TASK ITEM: Print a faithful copy of the data below, word for word, with the pictures left out.

DATASET EXCERPT:
•••

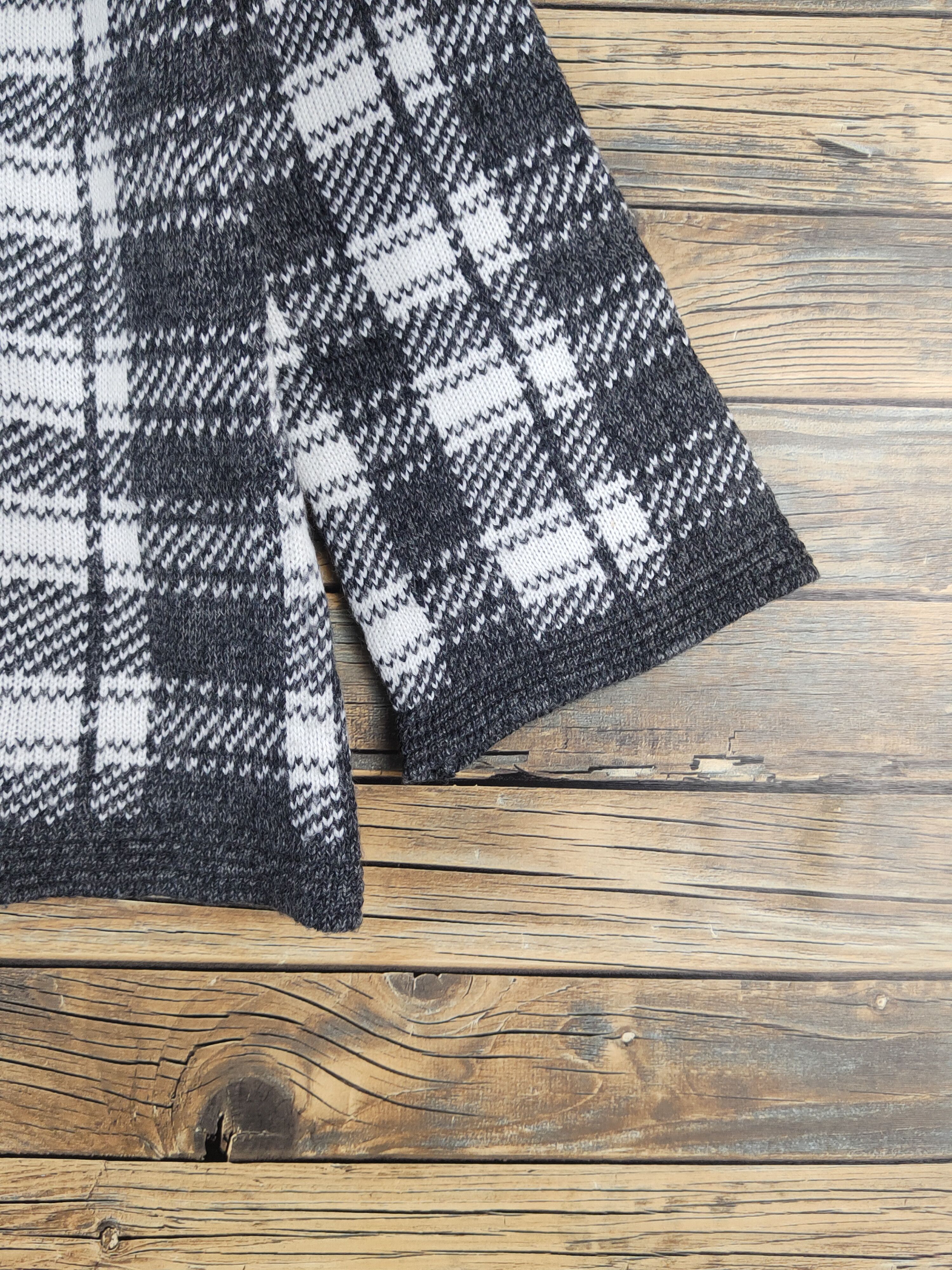 Japanese Brand Gene Luxue Black White Knitwear Cardigan #W1228 Size M / US 6-8 / IT 42-44 - 6 Thumbnail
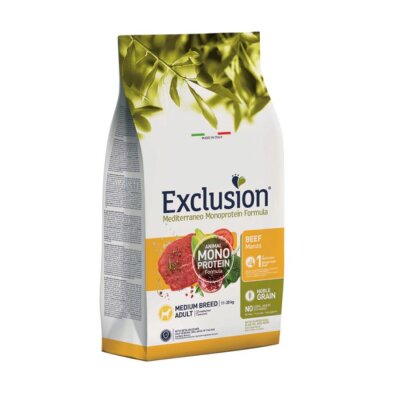 Exclusion Monoprotein Sığır Etli ve Narlı Düşük Tahıllı Orta Irk Yetişkin Köpek Maması 12 Kg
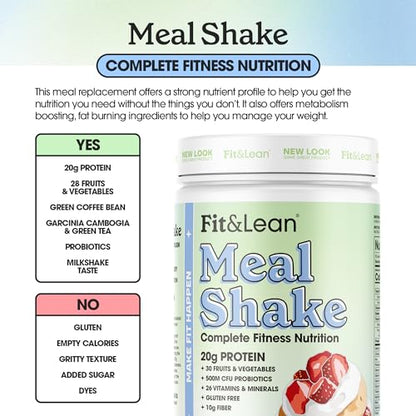 Fit & Lean Meal Shake, Fat Burning Meal Replacement, Protein, Fiber, Probiotics, Strawberry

•••

RESPONSE BOX:
 Japanese Brand Gene Luxue Black White Knitwear Cardigan #W1228 Size M / US 6-8 / IT 42-44 - 6 Thumbnail
 Exclusion Monoprotein Sığır Etli ve Narlı Düşük Tahıllı Orta Irk Yetişkin Köpek Maması 12 Kg
 Fit & Lean Meal Shake, Fat Burning Meal Replacement, Protein, Fiber, Probiotics, Strawberry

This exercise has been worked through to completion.